DWORD dwObjectType; DWORD hGdi; for (hGdi = 0; hGdi < 0xFFFFFFFF; hGdi++) { dwObjectType = ::GetObjectType((HANDLE)hGdi); if (dwObjectType != 0) { TRACE("0x%08x -> %u\n", hGdi, dwObjectType); } }
This means that additional (and probably lengthy) testing code using GetObject is necessary to obtain a reliable list. The duration of the loop makes this method unusable. This article presents two other solutions. The first uses the handles table that GDI manages, and the second works by hooking functions from the GDI API. It's worth noting the first solution is not supported nor guaranteed to behave the same in future OS versions. Finding another way to get the list of real GDI objects is the first problem that needs to be solved.
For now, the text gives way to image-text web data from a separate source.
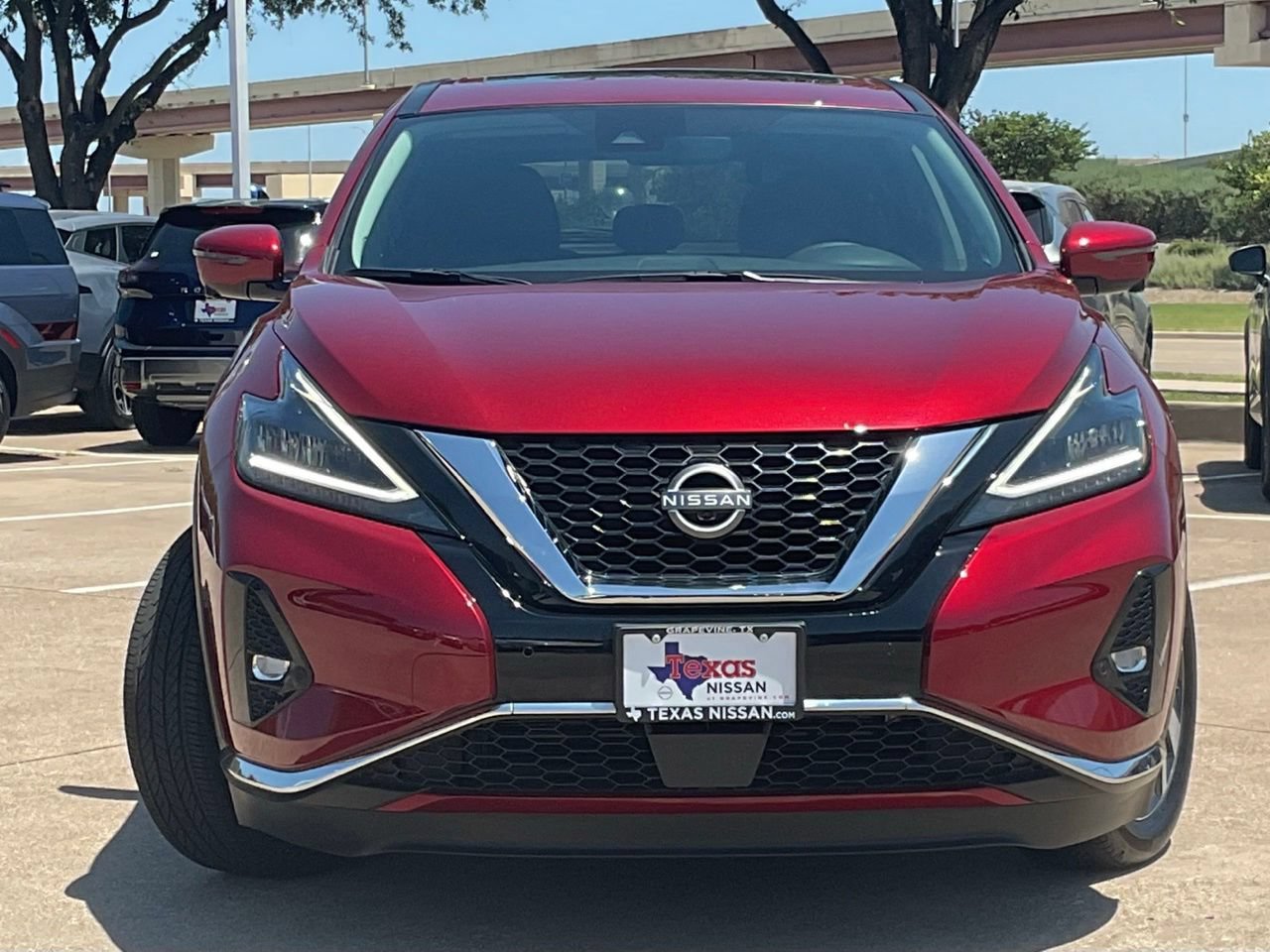 Used 2024 Nissan Murano SL FWD image 2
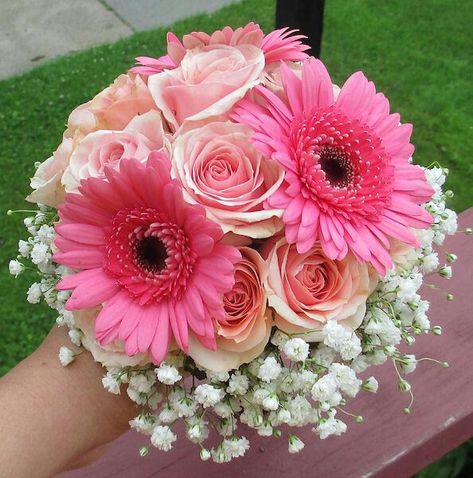 Sweet Wedding Bouquet Showcasing: Pink Roses, Pink Gerbera Daisies + White Gypsophila (Baby's Breath) ^^^^ Pink Babies Breath, Daisy Bouquet Wedding, Gerbera Wedding, Gerbera Daisy Wedding, Gerbera Daisy Bouquet, Prom Flowers Bouquet, Prom Bouquet, Pink Gerbera, Rose Bridal Bouquet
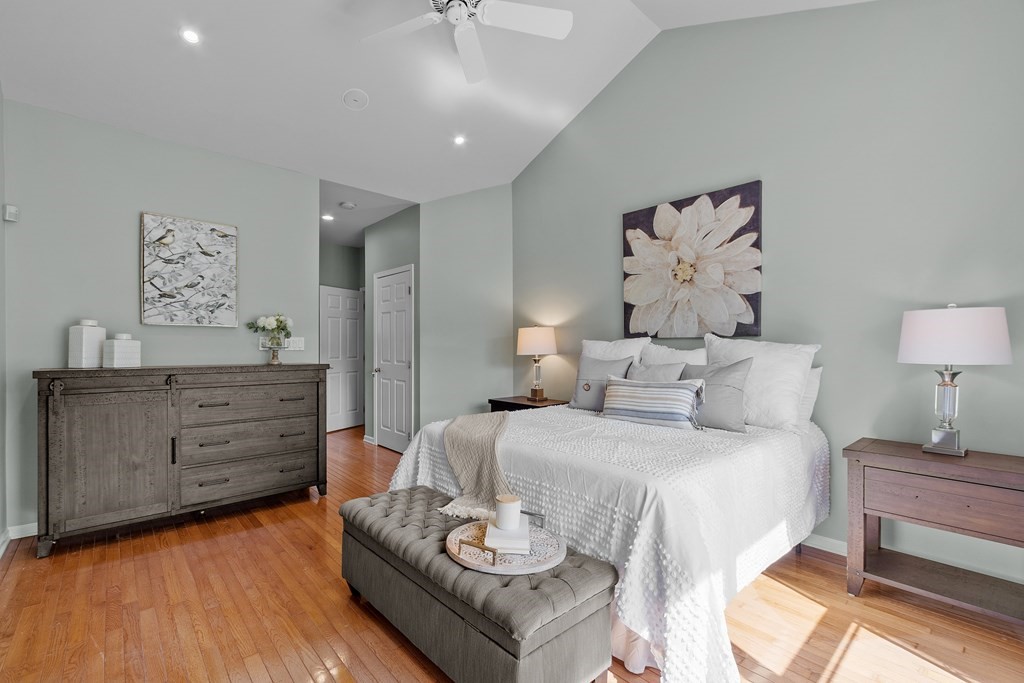 10 Stearns Road, Unit 10 Bedford, MA 01730 - Photo 23 of 33 Gallery Image 23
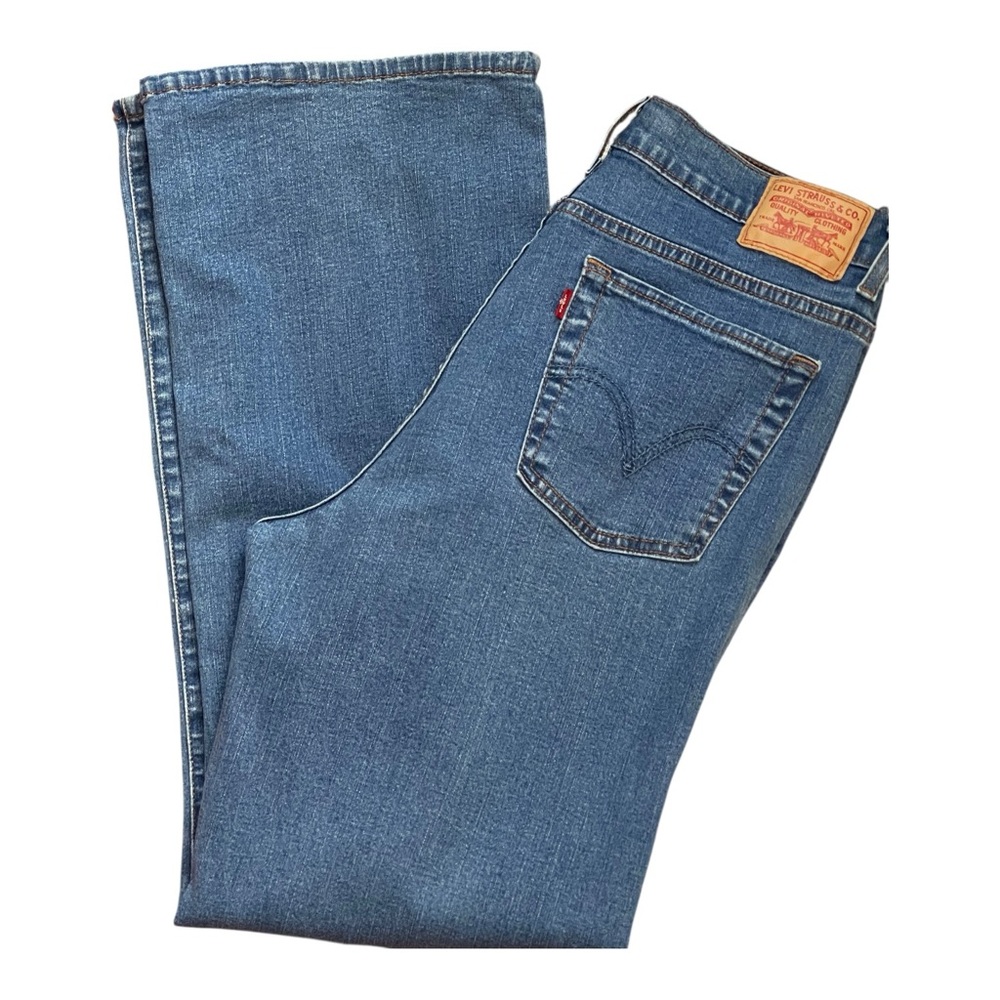 Levi's Blue Bootcut Jeans with Classic Fit
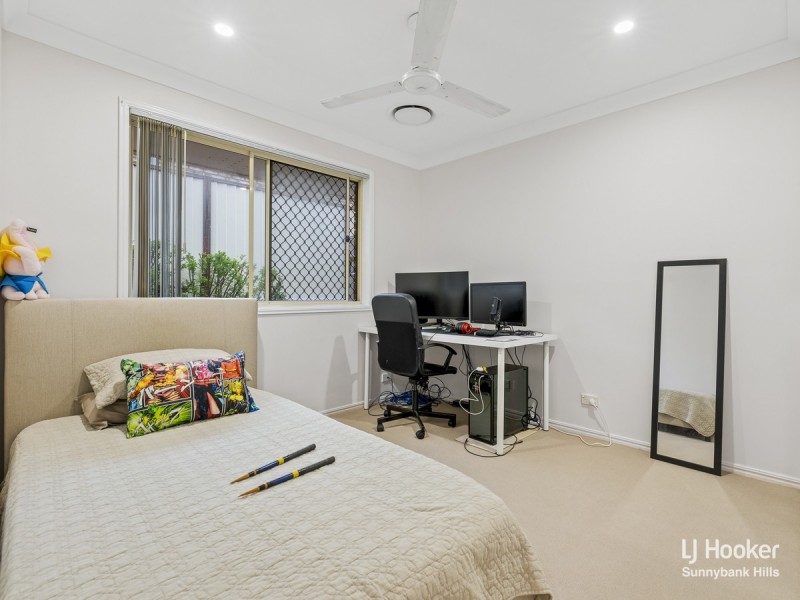 30 Carnation Crescent, Calamvale QLD 4116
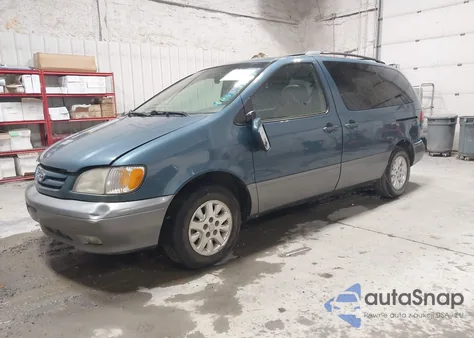 2002 Toyota Sienna Le/Xle from USA, damaged, VIN 4T3ZF13C02U417943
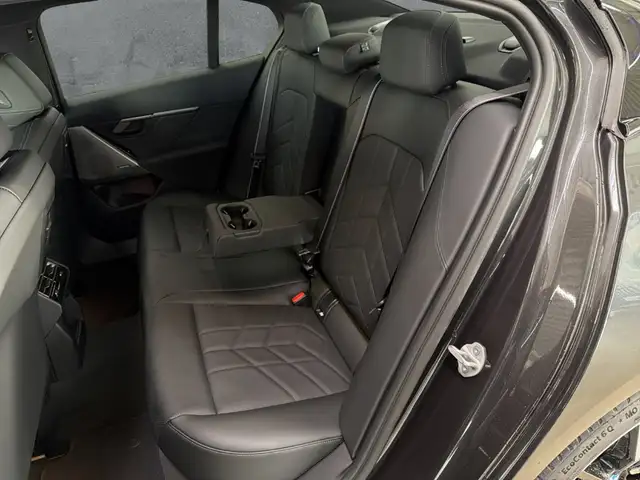 BMW I5 view 13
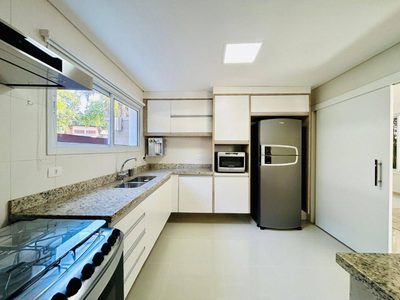 Casa, 5 quartos, 285 m² - Foto 3
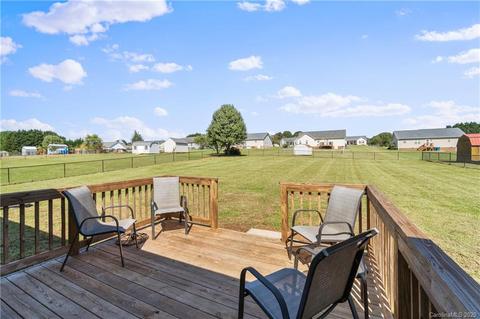 2596 Easter St, Maiden, NC 28650 photo 2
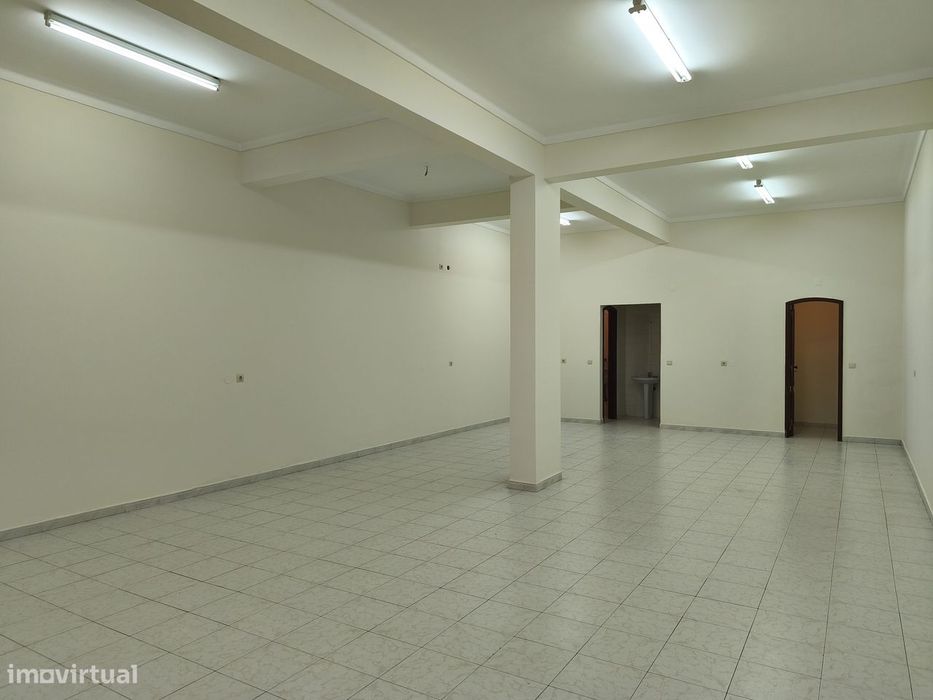 Loja no Casal do Cotão, Bem Conservada, Saída de fumos, 2 WCs, Montra. — Cacém E São Marcos, Lisboa
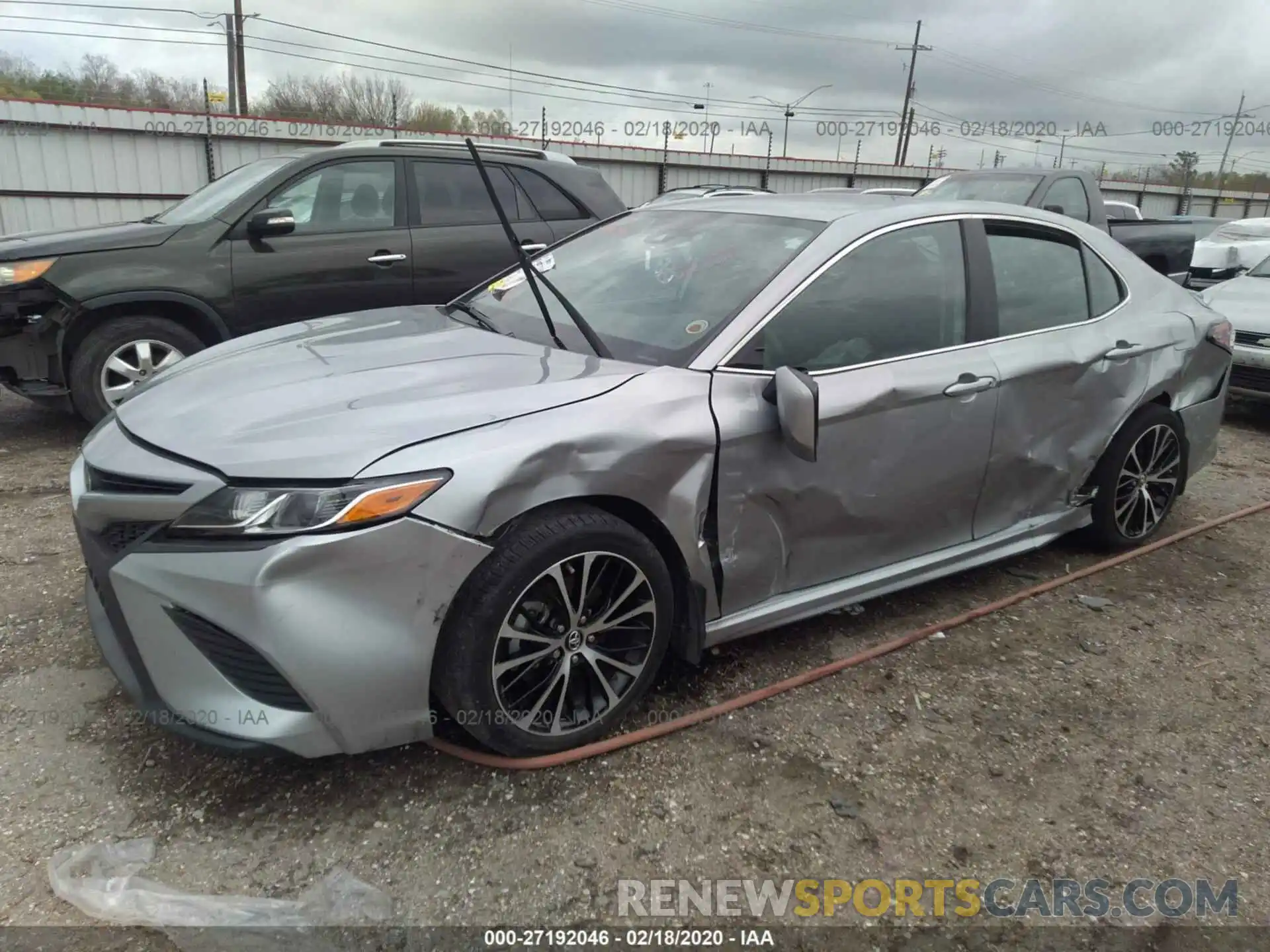 2 Photograph of a damaged car 4T1B11HK3KU721308 TOYOTA CAMRY 2019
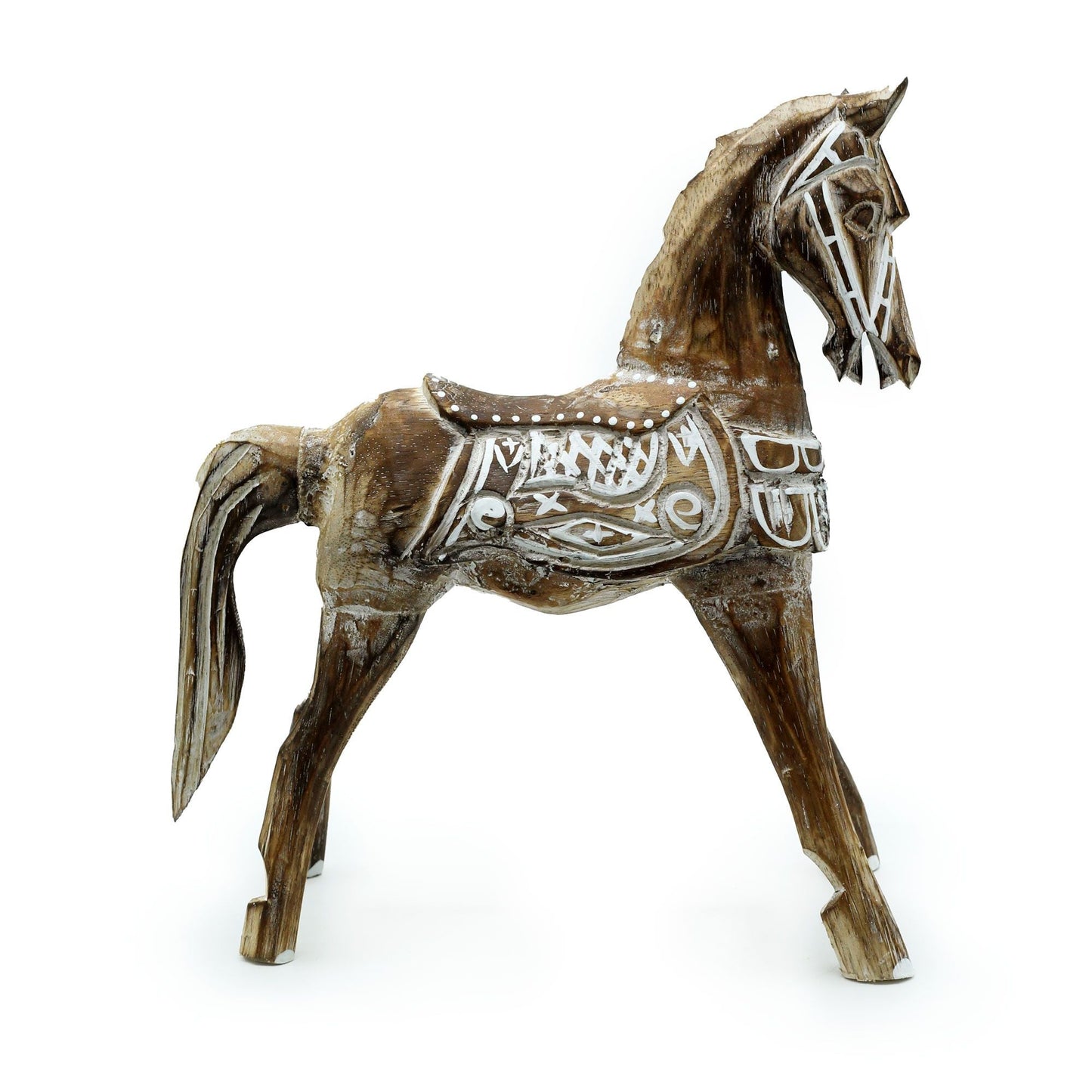 Alt Tag: Figura de caballo de madera de albasia – 32 CM Decoración vintage de caballo de madera hecha a mano con detalles tallados, vista lateral sobre fondo blanco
With GDIUsage for Windows 9x, it is possible to display a GDI object using functions corresponding to each GDI object type such as BitBlt for a bitmap or FillRect for a brush. But since these API functions fail when called with a GDI object created by another process, the key feature of the tool I developed, which is the ability to "see" the leaking resource, disappears. On the other hand, the displaying code works fine in the application that created the GDI object. The solution is obvious—the display engine must run into the other process context. An implementation, based on Windows hooks as an interprocess communication mechanism, is described later in the article.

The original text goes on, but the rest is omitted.